_What you need to do_
Transcribe the lines below exactly, beginning with the line that holds "Minimalist Flat Retro Posters Calm" and ending with the final line, both included. Pictures are to be left out.

_Data excerpt_
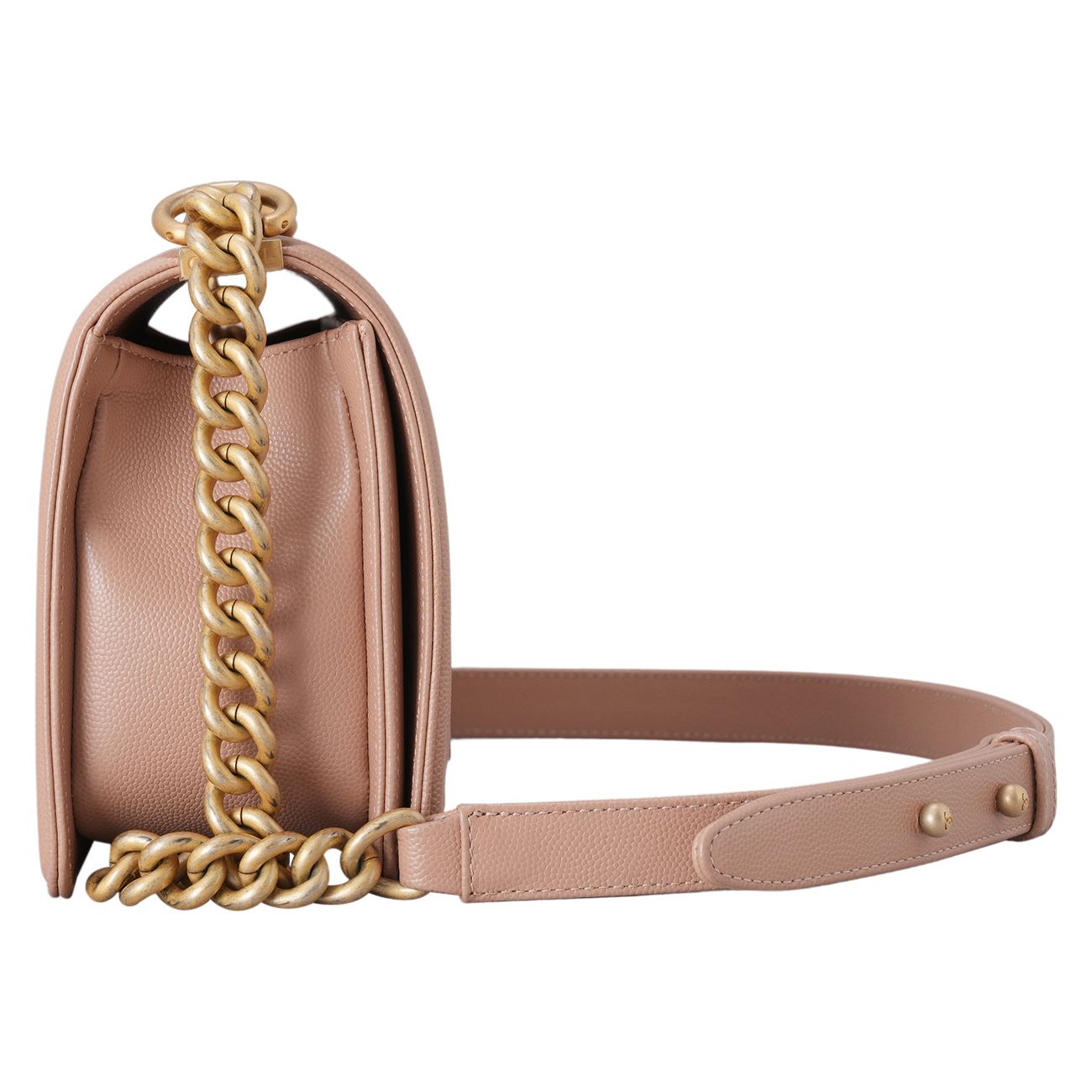 CHANEL(USED)샤넬 캐비어 보이샤넬 미듐 플랩백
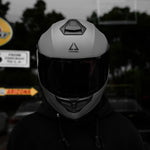 TRIANGLE Full Face Motorcycle Helmet for Men And Women - Dual Visors Safe & Reliable High - Quality Materials Multiple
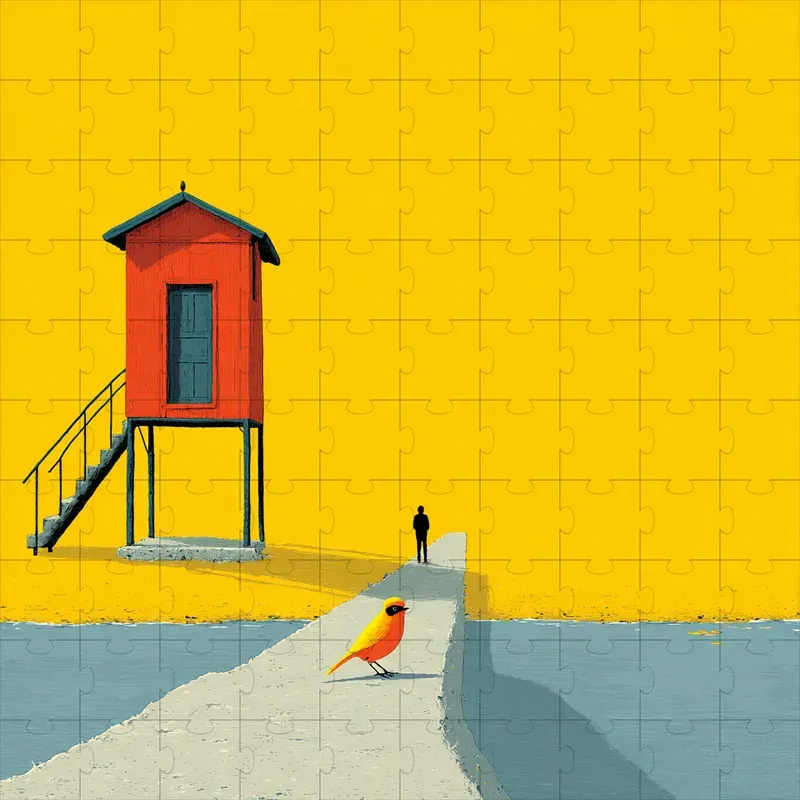 Minimalist Flat Retro Posters Calm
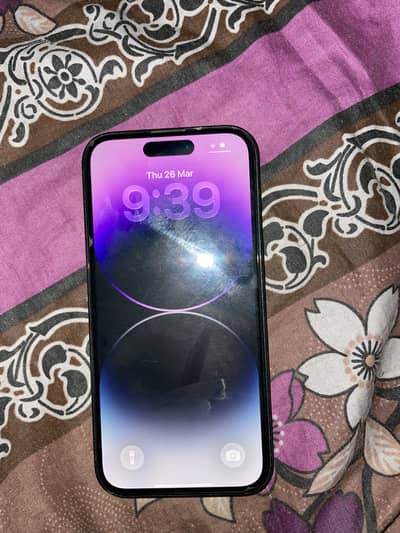 Iphone 14pro jv 128gb storage 81+ battery healthy 10/10 condition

_Worked solution_
 Minimalist Flat Retro Posters Calm
 Iphone 14pro jv 128gb storage 81+ battery healthy 10/10 condition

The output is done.